Gelegentlich wird ins Feld geführt, daß das Lateinische auf Grund seines Mangels an Artikeln griechische Texte mitunter nicht exakt wiederzugeben vermöge; in der Tat kennzeichnet im Griechischen – ähnlich wie im Deutschen – der Artikel die bestimmte oder unbestimmte Geltung eines Nomens. Auf lateinisch wird diese Unterscheidung meist erst durch den weiteren Kontext deutlich.

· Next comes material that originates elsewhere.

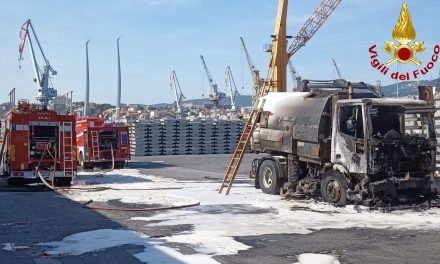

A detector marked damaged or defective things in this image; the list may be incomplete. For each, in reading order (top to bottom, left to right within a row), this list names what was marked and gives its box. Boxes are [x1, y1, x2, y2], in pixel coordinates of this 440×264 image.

burned truck [251, 80, 436, 206]
charred vehicle [251, 80, 436, 206]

Konkret wird nun behauptet, das griechische οἱ πολλοί – wörtlich „die vielen“, also mit bestimmtem Artikel – bedeute „alle“, während das artikellose πολλοὶ unserem „viele“ entspreche. Da nun das Latein keinen Artikel kenne, übersetze es beides schlicht mit multi, was jedoch im ersteren Falle falsch sei: Dort müsse es korrekterweise „omnes“ heißen.

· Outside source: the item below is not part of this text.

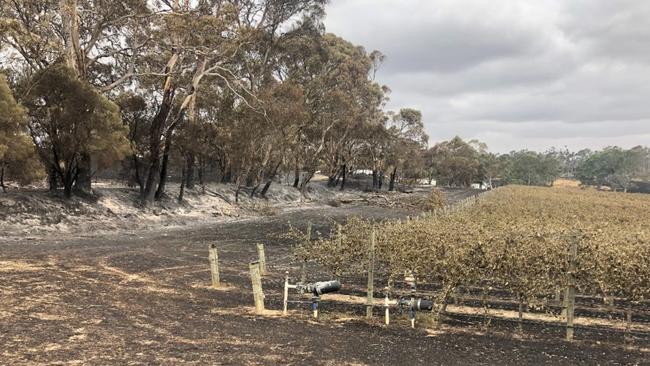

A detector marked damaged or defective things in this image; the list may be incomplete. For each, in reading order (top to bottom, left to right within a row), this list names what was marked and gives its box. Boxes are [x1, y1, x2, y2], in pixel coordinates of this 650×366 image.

burnt vineyard vine [290, 186, 648, 324]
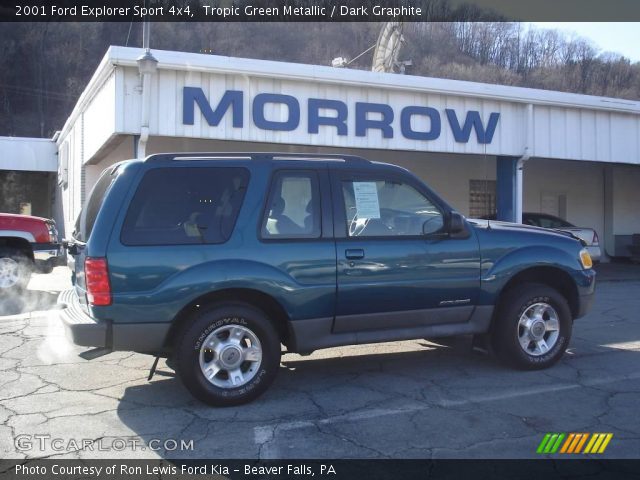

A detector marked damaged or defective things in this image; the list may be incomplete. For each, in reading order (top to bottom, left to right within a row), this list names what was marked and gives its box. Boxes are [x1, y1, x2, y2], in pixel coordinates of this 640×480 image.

cracked pavement [1, 266, 640, 458]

Bemerkenswerterweise hat die französische Fassung »pour la multitude« (»für die Vielheit, für die Menge«), womit dem genannten Argument Rechnung getragen werde soll, daß es wörtlich korrekt »die vielen« heiße, ohne aber textentstellend ein andere Vokabel – nämlich »alle« – zu wählen.

Dagegen ist zweierlei einzuwenden: Erstens ist es zwar richtig, daß griechisches οἱ πολλοὶ eine Gesamtheit bezeichnet, so als ob ich auf deutsch „die vielen“ sagte. Dabei rührt die Konnotation einer Gesamtheit jedoch vom bestimmten Artikel her, nicht vom Begriff πολλοί. Es wird eben nicht jener Begriff verwendet – „alle“, griechisch πάντες –, der selber eine Gesamtheit ausdrückt. Das ist semantisch immerhin ein erheblicher Unterschied.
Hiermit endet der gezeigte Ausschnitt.